La señora del turbante
La señora Ana acostumbraba a limpiar la vereda, primero pasaba la escoba para quitar las hojas secas del otoño, y después el lampazo. Cuando estaba muy sucia o había corrido viento Zonda, también la manguereaba. Alta y con rostro europeo (descendiente de Checos), ojos celestes y facies sonrosada. De lejos, cualquiera la podía divisar, ya que siempres usaba un turbante color blanco.
La vereda ancha como de cuatro metros, típicas de los barrios cercanos a la capital de San Juan, estaba construida en base a baldosas amarillas cuadradas, también típicas. Las tres moreras híbridas, en el verano daban una sombra amplia al frente de la casa. Baldosas amarillas relucientes y sombras de las moras le daba a la casa de la calle Rivadavia metros antes de llegar a la calle Segundino Navarro, un aspecto pulcro y brillante como la mejor de la cuadra. Realmente era la mejor vereda del vecindario.
Pasaba y pasaba el lampazo con querosene, al menos dos veces en el día, cuando no estaba tan sucia, y entonces en la mañana los rayos del sol se reflejaban en ese tramo de la vereda amarilla. Los transeúntes tenían cuidado al pasar por allí, ya que estaba tan brillante como refalosa, y más de un vecino distraído tuvo que agarrase del tronco de las moras para no caerse o tirarse para el costado del frente de la casa.
Cierto día, dejó la puerta entreabierta mientras pasaba el lampazo en la vereda.
-Vecina, vecina, ¿cómo le va a usted?... Dijo el hombre entrajado y con un maletín en la mano. Le dio un abrazo desde atrás, de forma tal que casi no la dejaba respirar.
-Pero ¿quién es usted?, ¡yo no lo conozco!... dijo mientras se arreglaba el turbante de un costado y se distanciaba del inoportuno hombre.
-Pero si soy el doctor de aquí a la vuelta, de al lado de la agencia de quiniela Santiago. No me ubica…

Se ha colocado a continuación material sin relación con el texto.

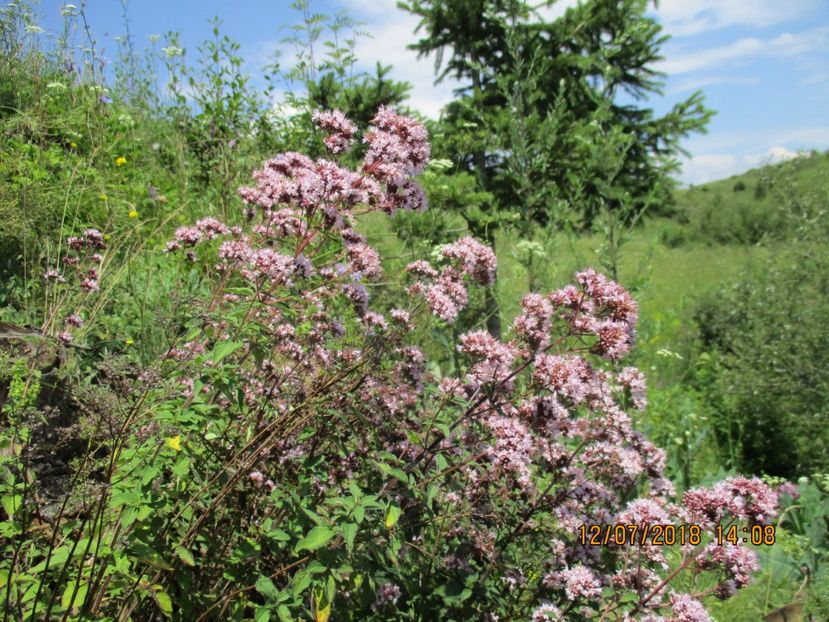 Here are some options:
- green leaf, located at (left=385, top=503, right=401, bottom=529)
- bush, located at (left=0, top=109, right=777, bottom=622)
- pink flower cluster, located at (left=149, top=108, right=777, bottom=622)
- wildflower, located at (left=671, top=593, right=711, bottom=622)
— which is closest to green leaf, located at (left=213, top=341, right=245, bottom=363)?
bush, located at (left=0, top=109, right=777, bottom=622)

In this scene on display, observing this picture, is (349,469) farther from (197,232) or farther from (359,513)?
(197,232)

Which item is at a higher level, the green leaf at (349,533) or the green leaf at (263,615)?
the green leaf at (349,533)

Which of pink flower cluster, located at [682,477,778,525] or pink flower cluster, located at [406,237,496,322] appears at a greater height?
pink flower cluster, located at [406,237,496,322]

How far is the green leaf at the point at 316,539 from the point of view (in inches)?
59.7

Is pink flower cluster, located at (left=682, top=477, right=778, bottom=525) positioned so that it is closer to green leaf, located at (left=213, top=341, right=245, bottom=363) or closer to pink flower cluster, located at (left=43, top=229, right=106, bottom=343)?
green leaf, located at (left=213, top=341, right=245, bottom=363)

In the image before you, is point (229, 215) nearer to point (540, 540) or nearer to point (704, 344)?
point (540, 540)

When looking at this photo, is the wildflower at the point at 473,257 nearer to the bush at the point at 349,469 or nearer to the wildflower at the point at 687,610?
the bush at the point at 349,469

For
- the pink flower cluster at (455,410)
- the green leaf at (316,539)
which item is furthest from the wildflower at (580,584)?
the green leaf at (316,539)

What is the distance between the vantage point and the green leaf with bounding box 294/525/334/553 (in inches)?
59.7

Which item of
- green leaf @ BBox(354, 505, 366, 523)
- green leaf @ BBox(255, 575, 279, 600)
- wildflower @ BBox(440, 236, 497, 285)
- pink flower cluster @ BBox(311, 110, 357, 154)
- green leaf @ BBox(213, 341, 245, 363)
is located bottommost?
green leaf @ BBox(255, 575, 279, 600)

-¡Yo no lo conozco! Le repito… ¡Yo no lo conozco!
-Pero si soy el doctor de aquí cerca. Mire señora, yo necesito que me facilite el teléfono. Sucede que pinché una goma de mi auto aquí en la esquina y quiero llamarle a mi hijo para que me pase a buscar.
-Che viejo, traé el teléfono inalámbrico para prestarle a éste señor que dice que es el doctor de aquí a la vuelta… Apúrate…
-Ya voy, ya voy… Ana.
-¡Cómo el inalámbrico!... ¿no tiene teléfono fijo adentro?

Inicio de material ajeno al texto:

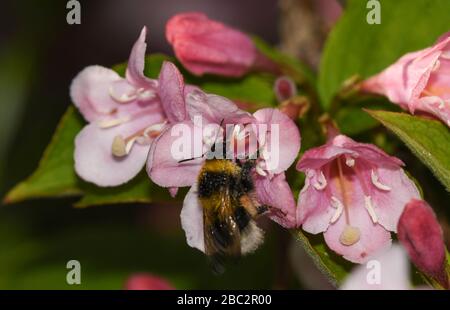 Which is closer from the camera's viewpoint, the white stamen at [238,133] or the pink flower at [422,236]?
the pink flower at [422,236]

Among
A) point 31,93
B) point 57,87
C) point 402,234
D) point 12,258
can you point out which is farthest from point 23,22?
point 402,234

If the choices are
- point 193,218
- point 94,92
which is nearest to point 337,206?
point 193,218

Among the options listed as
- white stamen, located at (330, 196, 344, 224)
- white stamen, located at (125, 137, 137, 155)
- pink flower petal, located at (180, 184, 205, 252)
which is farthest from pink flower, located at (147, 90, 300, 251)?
white stamen, located at (125, 137, 137, 155)

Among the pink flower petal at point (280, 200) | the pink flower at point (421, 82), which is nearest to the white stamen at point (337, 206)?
the pink flower petal at point (280, 200)

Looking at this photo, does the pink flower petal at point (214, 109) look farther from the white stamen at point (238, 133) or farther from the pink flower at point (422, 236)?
the pink flower at point (422, 236)

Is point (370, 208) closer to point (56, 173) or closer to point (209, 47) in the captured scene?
point (209, 47)

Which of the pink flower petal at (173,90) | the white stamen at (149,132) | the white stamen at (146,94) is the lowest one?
the white stamen at (149,132)

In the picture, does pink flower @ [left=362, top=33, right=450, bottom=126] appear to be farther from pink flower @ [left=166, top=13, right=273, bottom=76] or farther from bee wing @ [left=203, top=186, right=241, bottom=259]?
bee wing @ [left=203, top=186, right=241, bottom=259]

-No, no tenemos fijo. Así que si quiere puede hablar desde éste inalámbrico…
Y el hombre partió raudamente hacia el norte, tiró el teléfono que cayó en la acequia, no sin antes resbalar en la vereda con olor a kerosene y reluciente. Se desparramó su cuerpo al lado del lampazo de la señora del turbante. Se abrió el maletín de médico, dejando esparcidos varios celulares, billeteras, algunas joyas y llaves de autos.